EXERCISE DETAILS
Please write each entry out again exactly as shown.

GIVEN DATA
==================================================

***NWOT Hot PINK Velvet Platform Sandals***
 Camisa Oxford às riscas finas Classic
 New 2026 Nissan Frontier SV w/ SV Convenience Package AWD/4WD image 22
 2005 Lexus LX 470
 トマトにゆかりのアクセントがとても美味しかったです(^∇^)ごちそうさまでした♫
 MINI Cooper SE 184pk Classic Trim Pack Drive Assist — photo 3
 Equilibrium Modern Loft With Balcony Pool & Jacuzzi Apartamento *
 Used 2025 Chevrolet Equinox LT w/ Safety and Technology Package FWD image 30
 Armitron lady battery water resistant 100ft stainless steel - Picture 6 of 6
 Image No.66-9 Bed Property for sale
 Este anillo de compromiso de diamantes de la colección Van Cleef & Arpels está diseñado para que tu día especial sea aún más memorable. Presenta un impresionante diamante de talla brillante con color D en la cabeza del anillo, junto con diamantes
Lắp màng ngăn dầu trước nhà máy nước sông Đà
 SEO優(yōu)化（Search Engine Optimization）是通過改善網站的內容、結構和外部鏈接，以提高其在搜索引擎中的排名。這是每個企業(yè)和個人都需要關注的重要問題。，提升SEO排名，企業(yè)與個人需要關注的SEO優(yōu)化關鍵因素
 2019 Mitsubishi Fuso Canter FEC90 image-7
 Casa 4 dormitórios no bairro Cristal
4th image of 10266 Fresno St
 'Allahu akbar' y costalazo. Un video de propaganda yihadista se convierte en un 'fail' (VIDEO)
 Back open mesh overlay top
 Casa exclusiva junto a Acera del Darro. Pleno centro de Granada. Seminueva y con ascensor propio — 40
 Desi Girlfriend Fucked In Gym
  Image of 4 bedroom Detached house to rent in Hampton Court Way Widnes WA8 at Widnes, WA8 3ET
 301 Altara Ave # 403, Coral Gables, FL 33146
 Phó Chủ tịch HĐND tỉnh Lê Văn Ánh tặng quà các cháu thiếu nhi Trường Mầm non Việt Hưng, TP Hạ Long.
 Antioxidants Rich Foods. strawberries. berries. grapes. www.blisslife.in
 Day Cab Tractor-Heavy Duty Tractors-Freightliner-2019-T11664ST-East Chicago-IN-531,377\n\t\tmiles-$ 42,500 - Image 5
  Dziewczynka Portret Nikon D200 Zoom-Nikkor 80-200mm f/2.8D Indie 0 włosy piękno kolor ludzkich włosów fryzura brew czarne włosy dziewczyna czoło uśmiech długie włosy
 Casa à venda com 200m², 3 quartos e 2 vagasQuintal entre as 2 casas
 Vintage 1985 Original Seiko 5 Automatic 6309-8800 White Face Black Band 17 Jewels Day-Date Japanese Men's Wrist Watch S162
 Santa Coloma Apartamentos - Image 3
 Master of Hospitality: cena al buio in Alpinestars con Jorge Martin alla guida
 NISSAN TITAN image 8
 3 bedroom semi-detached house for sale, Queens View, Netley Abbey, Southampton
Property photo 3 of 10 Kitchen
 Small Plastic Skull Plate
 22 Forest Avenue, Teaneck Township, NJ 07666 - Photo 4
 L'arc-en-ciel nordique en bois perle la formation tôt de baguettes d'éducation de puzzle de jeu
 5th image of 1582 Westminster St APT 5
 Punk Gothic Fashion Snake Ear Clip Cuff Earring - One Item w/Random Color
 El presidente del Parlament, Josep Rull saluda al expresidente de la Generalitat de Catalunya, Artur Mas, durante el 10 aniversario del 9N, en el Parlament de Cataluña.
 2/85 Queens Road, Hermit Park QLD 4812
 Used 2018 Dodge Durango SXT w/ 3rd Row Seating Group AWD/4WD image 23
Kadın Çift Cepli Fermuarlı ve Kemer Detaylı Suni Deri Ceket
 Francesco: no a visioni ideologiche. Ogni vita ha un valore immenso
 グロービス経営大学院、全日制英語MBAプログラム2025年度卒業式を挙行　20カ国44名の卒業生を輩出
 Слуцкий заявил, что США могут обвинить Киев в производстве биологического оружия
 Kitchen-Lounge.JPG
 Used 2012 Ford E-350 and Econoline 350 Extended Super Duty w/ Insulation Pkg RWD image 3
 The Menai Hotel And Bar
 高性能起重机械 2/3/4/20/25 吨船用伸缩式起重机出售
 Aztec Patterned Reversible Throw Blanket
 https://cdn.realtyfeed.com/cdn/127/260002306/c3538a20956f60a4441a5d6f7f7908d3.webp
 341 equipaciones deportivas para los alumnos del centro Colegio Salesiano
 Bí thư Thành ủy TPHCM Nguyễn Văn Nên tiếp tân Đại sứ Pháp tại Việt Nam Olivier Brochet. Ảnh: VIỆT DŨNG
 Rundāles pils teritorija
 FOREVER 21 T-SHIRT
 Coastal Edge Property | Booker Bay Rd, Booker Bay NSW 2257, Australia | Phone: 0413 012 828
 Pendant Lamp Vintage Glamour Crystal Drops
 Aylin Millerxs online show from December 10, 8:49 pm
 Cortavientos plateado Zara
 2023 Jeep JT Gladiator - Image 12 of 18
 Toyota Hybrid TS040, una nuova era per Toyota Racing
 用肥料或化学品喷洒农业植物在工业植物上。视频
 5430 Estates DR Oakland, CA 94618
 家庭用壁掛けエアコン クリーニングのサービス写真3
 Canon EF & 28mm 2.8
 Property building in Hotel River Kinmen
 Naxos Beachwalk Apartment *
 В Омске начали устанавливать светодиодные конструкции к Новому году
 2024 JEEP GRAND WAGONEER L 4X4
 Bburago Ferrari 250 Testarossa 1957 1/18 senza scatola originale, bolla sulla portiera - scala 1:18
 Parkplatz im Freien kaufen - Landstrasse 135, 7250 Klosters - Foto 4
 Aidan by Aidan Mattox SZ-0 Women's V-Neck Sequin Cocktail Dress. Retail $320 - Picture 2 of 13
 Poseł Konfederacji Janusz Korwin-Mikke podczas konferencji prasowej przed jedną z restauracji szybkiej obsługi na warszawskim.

==================================================

REPLY TO THE EXERCISE
***NWOT Hot PINK Velvet Platform Sandals***
 Camisa Oxford às riscas finas Classic
 New 2026 Nissan Frontier SV w/ SV Convenience Package AWD/4WD image 22
 2005 Lexus LX 470
 トマトにゆかりのアクセントがとても美味しかったです(^∇^)ごちそうさまでした♫
 MINI Cooper SE 184pk Classic Trim Pack Drive Assist — photo 3
 Equilibrium Modern Loft With Balcony Pool & Jacuzzi Apartamento *
 Used 2025 Chevrolet Equinox LT w/ Safety and Technology Package FWD image 30
 Armitron lady battery water resistant 100ft stainless steel - Picture 6 of 6
 Image No.66-9 Bed Property for sale
 Este anillo de compromiso de diamantes de la colección Van Cleef & Arpels está diseñado para que tu día especial sea aún más memorable. Presenta un impresionante diamante de talla brillante con color D en la cabeza del anillo, junto con diamantes
Lắp màng ngăn dầu trước nhà máy nước sông Đà
 SEO優(yōu)化（Search Engine Optimization）是通過改善網站的內容、結構和外部鏈接，以提高其在搜索引擎中的排名。這是每個企業(yè)和個人都需要關注的重要問題。，提升SEO排名，企業(yè)與個人需要關注的SEO優(yōu)化關鍵因素
 2019 Mitsubishi Fuso Canter FEC90 image-7
 Casa 4 dormitórios no bairro Cristal
4th image of 10266 Fresno St
 'Allahu akbar' y costalazo. Un video de propaganda yihadista se convierte en un 'fail' (VIDEO)
 Back open mesh overlay top
 Casa exclusiva junto a Acera del Darro. Pleno centro de Granada. Seminueva y con ascensor propio — 40
 Desi Girlfriend Fucked In Gym
  Image of 4 bedroom Detached house to rent in Hampton Court Way Widnes WA8 at Widnes, WA8 3ET
 301 Altara Ave # 403, Coral Gables, FL 33146
 Phó Chủ tịch HĐND tỉnh Lê Văn Ánh tặng quà các cháu thiếu nhi Trường Mầm non Việt Hưng, TP Hạ Long.
 Antioxidants Rich Foods. strawberries. berries. grapes. www.blisslife.in
 Day Cab Tractor-Heavy Duty Tractors-Freightliner-2019-T11664ST-East Chicago-IN-531,377\n\t\tmiles-$ 42,500 - Image 5
  Dziewczynka Portret Nikon D200 Zoom-Nikkor 80-200mm f/2.8D Indie 0 włosy piękno kolor ludzkich włosów fryzura brew czarne włosy dziewczyna czoło uśmiech długie włosy
 Casa à venda com 200m², 3 quartos e 2 vagasQuintal entre as 2 casas
 Vintage 1985 Original Seiko 5 Automatic 6309-8800 White Face Black Band 17 Jewels Day-Date Japanese Men's Wrist Watch S162
 Santa Coloma Apartamentos - Image 3
 Master of Hospitality: cena al buio in Alpinestars con Jorge Martin alla guida
 NISSAN TITAN image 8
 3 bedroom semi-detached house for sale, Queens View, Netley Abbey, Southampton
Property photo 3 of 10 Kitchen
 Small Plastic Skull Plate
 22 Forest Avenue, Teaneck Township, NJ 07666 - Photo 4
 L'arc-en-ciel nordique en bois perle la formation tôt de baguettes d'éducation de puzzle de jeu
 5th image of 1582 Westminster St APT 5
 Punk Gothic Fashion Snake Ear Clip Cuff Earring - One Item w/Random Color
 El presidente del Parlament, Josep Rull saluda al expresidente de la Generalitat de Catalunya, Artur Mas, durante el 10 aniversario del 9N, en el Parlament de Cataluña.
 2/85 Queens Road, Hermit Park QLD 4812
 Used 2018 Dodge Durango SXT w/ 3rd Row Seating Group AWD/4WD image 23
Kadın Çift Cepli Fermuarlı ve Kemer Detaylı Suni Deri Ceket
 Francesco: no a visioni ideologiche. Ogni vita ha un valore immenso
 グロービス経営大学院、全日制英語MBAプログラム2025年度卒業式を挙行　20カ国44名の卒業生を輩出
 Слуцкий заявил, что США могут обвинить Киев в производстве биологического оружия
 Kitchen-Lounge.JPG
 Used 2012 Ford E-350 and Econoline 350 Extended Super Duty w/ Insulation Pkg RWD image 3
 The Menai Hotel And Bar
 高性能起重机械 2/3/4/20/25 吨船用伸缩式起重机出售
 Aztec Patterned Reversible Throw Blanket
 https://cdn.realtyfeed.com/cdn/127/260002306/c3538a20956f60a4441a5d6f7f7908d3.webp
 341 equipaciones deportivas para los alumnos del centro Colegio Salesiano
 Bí thư Thành ủy TPHCM Nguyễn Văn Nên tiếp tân Đại sứ Pháp tại Việt Nam Olivier Brochet. Ảnh: VIỆT DŨNG
 Rundāles pils teritorija
 FOREVER 21 T-SHIRT
 Coastal Edge Property | Booker Bay Rd, Booker Bay NSW 2257, Australia | Phone: 0413 012 828
 Pendant Lamp Vintage Glamour Crystal Drops
 Aylin Millerxs online show from December 10, 8:49 pm
 Cortavientos plateado Zara
 2023 Jeep JT Gladiator - Image 12 of 18
 Toyota Hybrid TS040, una nuova era per Toyota Racing
 用肥料或化学品喷洒农业植物在工业植物上。视频
 5430 Estates DR Oakland, CA 94618
 家庭用壁掛けエアコン クリーニングのサービス写真3
 Canon EF & 28mm 2.8
 Property building in Hotel River Kinmen
 Naxos Beachwalk Apartment *
 В Омске начали устанавливать светодиодные конструкции к Новому году
 2024 JEEP GRAND WAGONEER L 4X4
 Bburago Ferrari 250 Testarossa 1957 1/18 senza scatola originale, bolla sulla portiera - scala 1:18
 Parkplatz im Freien kaufen - Landstrasse 135, 7250 Klosters - Foto 4
 Aidan by Aidan Mattox SZ-0 Women's V-Neck Sequin Cocktail Dress. Retail $320 - Picture 2 of 13
 Poseł Konfederacji Janusz Korwin-Mikke podczas konferencji prasowej przed jedną z restauracji szybkiej obsługi na warszawskim.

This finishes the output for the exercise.